Meta announced its test to temporarily block news on its platforms in Canada, saying it could last until the end of the month. The decision is a preparation for Canada’s Online News Act or Bill C-18, which could require companies to pay publishers for using their content online platforms.
According to ABC News, the test will cover 5% of Meta’s 24 million Canadian users on Facebook and Instagram. Once implemented, the users won’t be able to share or view news on the said platforms, whether the news is from international or national media outlets. Moreover, those who will be affected won’t be able to access news links on different sections of the platforms, including on Reels.

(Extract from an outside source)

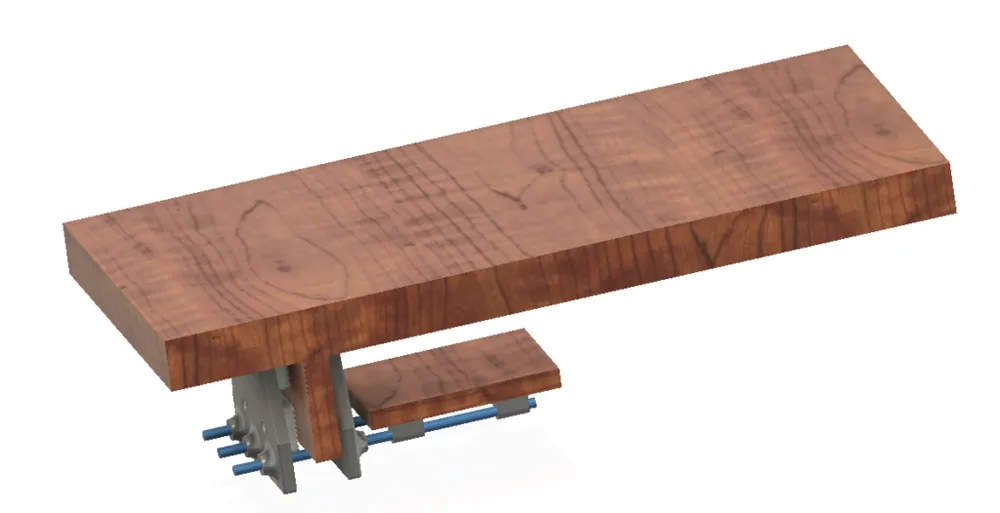 UnderDesk Shelf by maker.bamboo MakerWorld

The news is unsurprising, however, since the company already tried it in Australia. However, the test faced troubles, especially after the company seemingly mistakenly included emergency services pages. With this, the company made assurances as early as May that it wouldn’t happen again in Canada.
“It’s absolutely our intention to not make the same errors in Canada that we made in Australia,” Rachel Curran, head of public policy for Meta Canada, told CBC. “Some of the things that were mistakenly scoped in Australia, we’re working very hard to make sure we do not do that this time.”
Aside from Canada’s Online News Act, Meta is also expressing disapproval of California’s Journalism Preservation Act. This week, Andy Stone, Meta’s communications director, shared the company’s plan on Twitter in case the bill is passed.
“If the Journalism Preservation Act passes, we will be forced to remove news from Facebook and Instagram rather than pay into a slush fund that primarily benefits big, out-of-state media companies under the guise of aiding California publishers,” the statement reads. “The bill fails to recognize that publishers and broadcasters put their content on our platform themselves and that substantial consolidation in California’s local news industry came over 15 years ago, well before Facebook was widely used. It is disappointing that California lawmakers appear to be prioritizing the best interests of national and international media companies over their own constituents.”
The post attracted the attention of Matt Pearce, an LA Times reporter and president of the Media Guild of the West, who called Meta’s decision “corporate bullying.”